# Problem to solve
Would you go through the records below and copy each line with the string "Grand"?

# Provided records

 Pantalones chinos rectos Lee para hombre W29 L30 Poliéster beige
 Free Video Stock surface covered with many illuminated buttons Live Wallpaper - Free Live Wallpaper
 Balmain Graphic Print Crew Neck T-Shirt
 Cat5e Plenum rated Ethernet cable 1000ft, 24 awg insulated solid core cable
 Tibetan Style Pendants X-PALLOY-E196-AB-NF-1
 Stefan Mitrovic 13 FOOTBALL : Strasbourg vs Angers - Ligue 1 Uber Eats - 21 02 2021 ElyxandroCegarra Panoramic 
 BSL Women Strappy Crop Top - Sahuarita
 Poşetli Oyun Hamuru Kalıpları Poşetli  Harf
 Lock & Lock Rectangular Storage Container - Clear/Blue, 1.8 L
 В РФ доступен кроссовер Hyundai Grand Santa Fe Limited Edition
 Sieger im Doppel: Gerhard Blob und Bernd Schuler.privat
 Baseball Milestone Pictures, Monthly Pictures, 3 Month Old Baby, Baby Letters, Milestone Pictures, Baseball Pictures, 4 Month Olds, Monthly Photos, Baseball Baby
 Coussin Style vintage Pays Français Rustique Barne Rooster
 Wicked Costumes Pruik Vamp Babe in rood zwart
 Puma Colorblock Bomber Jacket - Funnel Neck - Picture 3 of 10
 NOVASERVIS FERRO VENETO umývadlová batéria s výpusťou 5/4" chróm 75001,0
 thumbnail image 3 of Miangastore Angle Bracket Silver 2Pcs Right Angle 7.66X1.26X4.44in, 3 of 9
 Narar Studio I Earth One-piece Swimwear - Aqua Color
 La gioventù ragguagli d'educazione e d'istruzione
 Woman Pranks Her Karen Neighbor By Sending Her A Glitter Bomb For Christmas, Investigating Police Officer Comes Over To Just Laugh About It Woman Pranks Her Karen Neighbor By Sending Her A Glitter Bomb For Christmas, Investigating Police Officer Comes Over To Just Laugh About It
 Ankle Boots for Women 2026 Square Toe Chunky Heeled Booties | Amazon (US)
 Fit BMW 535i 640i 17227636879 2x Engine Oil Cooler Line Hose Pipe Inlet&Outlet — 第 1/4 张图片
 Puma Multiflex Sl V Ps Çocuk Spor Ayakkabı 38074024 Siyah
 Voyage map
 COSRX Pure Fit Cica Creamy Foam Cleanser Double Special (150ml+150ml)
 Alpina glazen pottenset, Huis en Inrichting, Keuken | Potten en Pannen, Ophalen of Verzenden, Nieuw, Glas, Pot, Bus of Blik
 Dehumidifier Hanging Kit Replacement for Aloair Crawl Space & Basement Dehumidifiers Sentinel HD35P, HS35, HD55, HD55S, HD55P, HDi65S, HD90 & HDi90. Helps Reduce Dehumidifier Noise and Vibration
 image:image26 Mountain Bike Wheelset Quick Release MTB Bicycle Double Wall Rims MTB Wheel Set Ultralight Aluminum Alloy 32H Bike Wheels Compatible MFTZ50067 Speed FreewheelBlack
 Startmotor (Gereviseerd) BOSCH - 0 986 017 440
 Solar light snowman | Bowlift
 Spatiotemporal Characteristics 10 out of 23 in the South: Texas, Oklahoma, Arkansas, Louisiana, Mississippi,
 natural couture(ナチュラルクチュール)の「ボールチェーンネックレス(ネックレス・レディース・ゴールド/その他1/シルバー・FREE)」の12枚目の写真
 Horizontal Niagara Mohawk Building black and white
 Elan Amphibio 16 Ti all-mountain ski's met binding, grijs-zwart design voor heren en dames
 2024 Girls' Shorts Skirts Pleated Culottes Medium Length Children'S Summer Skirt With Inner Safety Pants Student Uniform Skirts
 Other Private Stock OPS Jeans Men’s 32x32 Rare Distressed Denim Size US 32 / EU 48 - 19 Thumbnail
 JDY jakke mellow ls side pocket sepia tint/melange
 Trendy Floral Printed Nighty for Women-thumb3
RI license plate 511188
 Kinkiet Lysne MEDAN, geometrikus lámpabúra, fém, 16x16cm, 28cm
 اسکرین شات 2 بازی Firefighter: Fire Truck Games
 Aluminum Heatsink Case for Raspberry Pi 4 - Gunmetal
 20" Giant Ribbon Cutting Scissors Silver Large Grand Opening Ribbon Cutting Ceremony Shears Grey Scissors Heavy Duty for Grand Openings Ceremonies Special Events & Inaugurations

# Final answer
 В РФ доступен кроссовер Hyundai Grand Santa Fe Limited Edition
 20" Giant Ribbon Cutting Scissors Silver Large Grand Opening Ribbon Cutting Ceremony Shears Grey Scissors Heavy Duty for Grand Openings Ceremonies Special Events & Inaugurations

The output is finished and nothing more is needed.